Diagnostic evaluation

  • general and neurological examination
    • global x focal deficits?
    • delirium syndrome (ICU-CAM)?
    • NIHSS, GCS
    • vital signs (O2 saturation, blood pressure + heart rate)
    • look for discrete signs of focal seizure (e.g., facial twitching, etc.)
  • review medication (sedatives, delirium-inducing drugs)
  • follow-up CT/MR of the brain (large edema? hemorrhage? new infarct lesion? hydrocephalus?)
  • follow-up vascular imaging (neurosonography/MRA/CTA)
    • new occlusion in another segment? reocclusion of recanalized artery?
    • hemodynamically significant stenosis?
    • collateral circulation failure?
  • EEG examination (or EEG monitoring)
  • ECG monitoring
  • other imaging studies
    • chest X-ray
    • abdominal ultrasound
    • CT scan of the chest, abdomen, or pelvis
  • laboratory tests:
    • basic metabolic panel, CBC + coagulation tests
    • arterial blood gas (ABG) analysis (arterial pH, PaO2, PaCO2, and “base excess”
      • test provides valuable information about the patient’s acid-base balance, oxygenation, and ventilation status, which are crucial in the management of stroke and other critical conditions
      • normal arterial pH: 7.35-7.45
    • CRP, procalcitonin
    • cardiac enzymes to assess the myocardial injury
      • troponin T (TnT) and troponin I (TnI)
      • creatine kinase-MB (CK-MB)
    • Mg, Ca, ammonia
  • detection of infection
    • sputum and urine analysis, culture swabs
    • blood cultures

Intracerebral complications

  • approximately 30% of acute stroke patients experience progression of neurological deficits, including quantitative or qualitative disturbances of consciousness
  • deterioration may be gradual (typically due to edema or thrombus progression) or sudden (new embolism, abrupt failure of collateral circulation, or intracranial bleeding, etc)

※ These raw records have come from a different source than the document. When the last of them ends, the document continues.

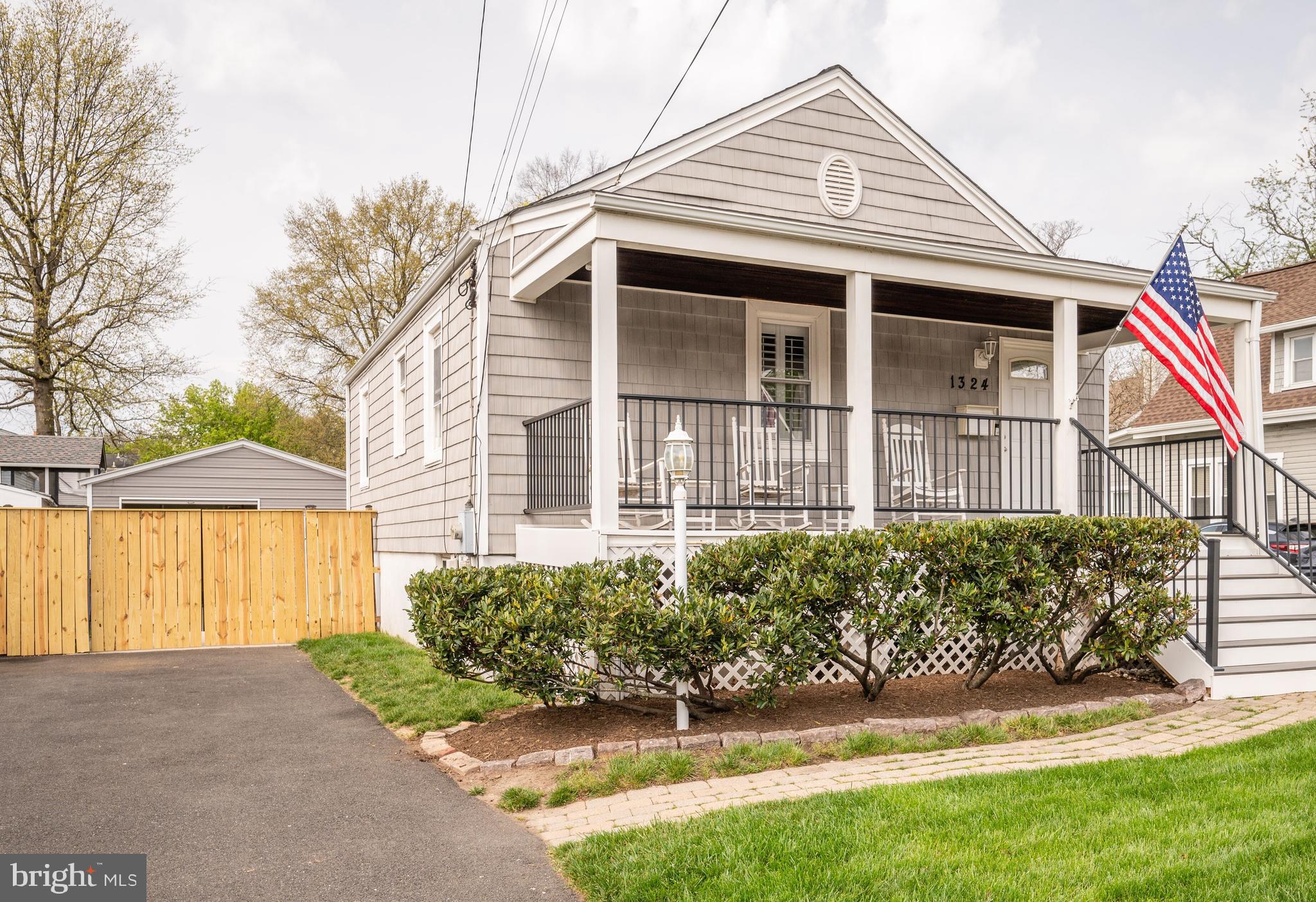 DOUGLAS PARK - Residential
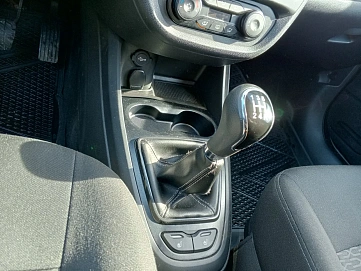 Lada (ВАЗ) Vesta, 2017г, передний привод, механика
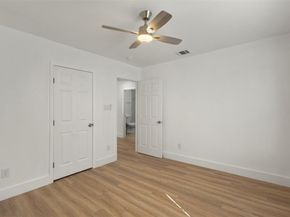 916  Zelda Drive , Hurst Texas 76053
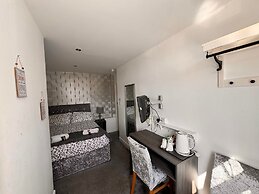 The Jubilee Hotel East- with Spa Facilities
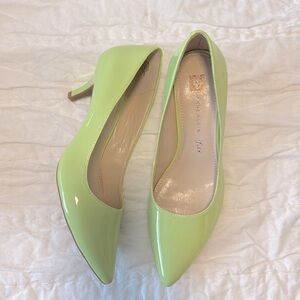Anne Klein Lime Green Pumps / Heels. Size 7. Cute, Fun, and Flirty!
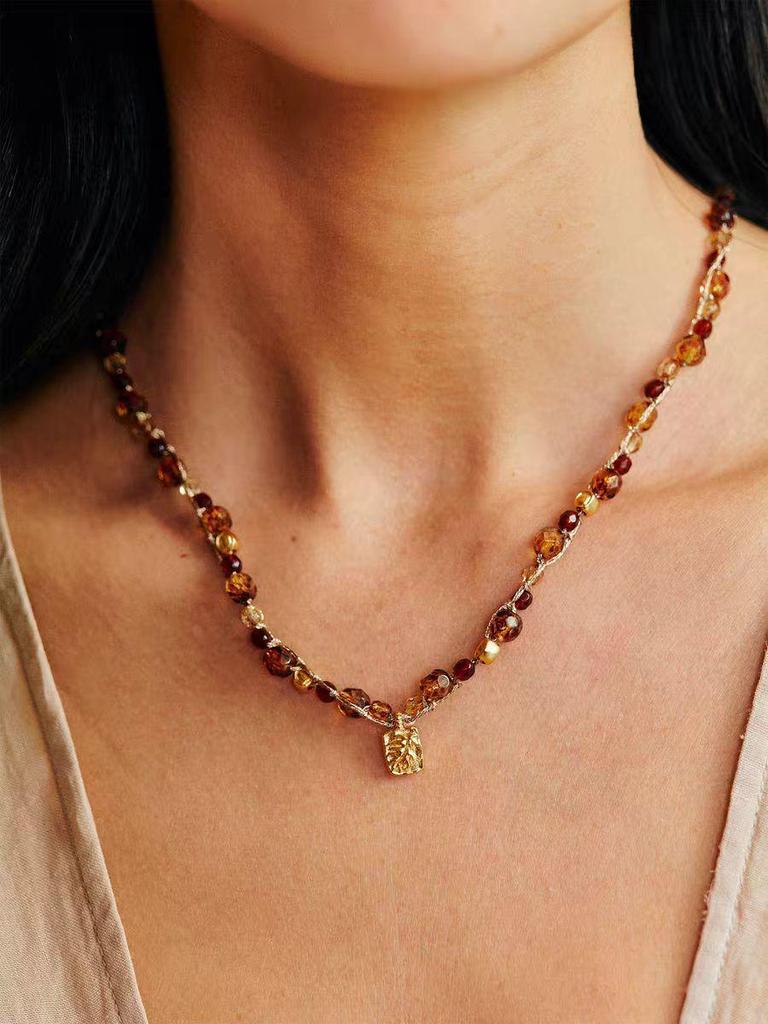 Colar Brilho da Palma: Elegante, Luxuoso, Versátil Pingente com Corrente de Clavícula de Contas para Mulheres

Hemorrhagic transformation of ischemia

  • the hemorrhagic component is easily detected on CT and even better on MR GRE   Asymptomatic hemorrhagic transformation of ischemia detected by MR GRE   [Arnauld, 2003]
  • hemorrhagic transformation most commonly occurs within the first 48 hours; increased risk is associated with extensive ischemia, late recanalization, and early anticoagulation
  • hemorrhagic transformation is often asymptomatic
  • antiplatelet therapy/LMWH should be discontinued if major bleeding occurs
Bleeding classification after Stroke and Reperfusion Therapy (ECASS II)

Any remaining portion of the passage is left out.